02.12.2022 - Parsing/Backus-Naur Form and variants

All posts

Posted On 02.12.2022

Backus-Naur Form (BNF) is a metasyntax for context-free grammars, is used to describe the syntax of languages used in computing such as programming languages, instruction sets,…

The BNF syntax

The specification of BNF is quite simple, it’s a set of derivation rules written as:

<symbol> ::= expression1 | expression2

Where:

  • <symbol> is the nonterminal, they are always enclosed between the pair <>
  • expressions consists of one or more sequences of either terminals or nonterminals.
  • ::= mean the symbol on the left must be replaced by the expression on the right.
  • If a nonterminal can be replaced by multiple expressions, they can be separated by the vertical bar “|”

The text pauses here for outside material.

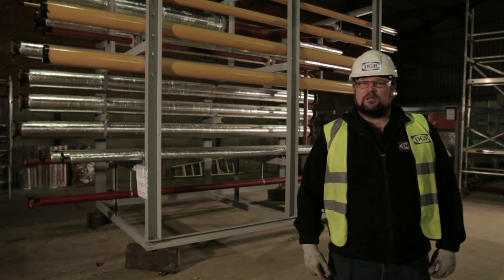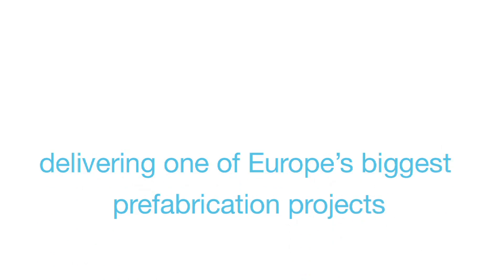I'm Malcolm Stewart. My name is Des West and we are here in our prefabrication yard in Matching Green in Essex.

For example, the following grammar define a signed integer number:

<signed integer> ::= <integer> | <sign> <integer>
<integer> ::= <digit> | <integer> <digit>
<digit>  ::= 0 | 1 | 2 | 3 | 4 | 5 | 6 | 7 | 8 | 9
<sign>   ::= -

The Extended BNF syntax

There are many variants of BNF, one of the most popular variants is Extended BNF (EBNF). It added some other symbols so we can explain the grammar better, like the sequence symbol (,), repeated symbol ({}), optional symbol ([]),…

In EBNF, nonterminal does not necessarily enclose between the pair <>, and the definition symbol ::= can be written as =. Terminals are strictly enclosed within the quotation marks ("" or ''). Each production rule is terminated by the semicolon ;, and they can contain comments ((* *)) too:

(* this is a comment *)
digit = "0" | "1" | "2" | "3" | "4" | "5" | "6" | "7" | "8" | "9" ;

A concatenation symbol is used to express the sequence of terminals, each separated by a comma (,), for example:

twelve = "1", "2" ;
ten = "1", "0" ;
one ten = "1", ten ;

If a symbol needed to be repeated (zero or more times), we can use {} symbols. For example, the following definition matches all powers of ten, including 10, 100, 1000, 10000,…

powers of ten = one, zero, { zero } ;
one  = "1" ;
zero = "0" ;

Optional can be expressed by [], everything that is optional can be present just once or not at all, for example:

signed digit = [ "-" ], digit ;
digit = "0" | "1" | "2" | "3" | "4" | "5" | "6" | "7" | "8" | "9" ;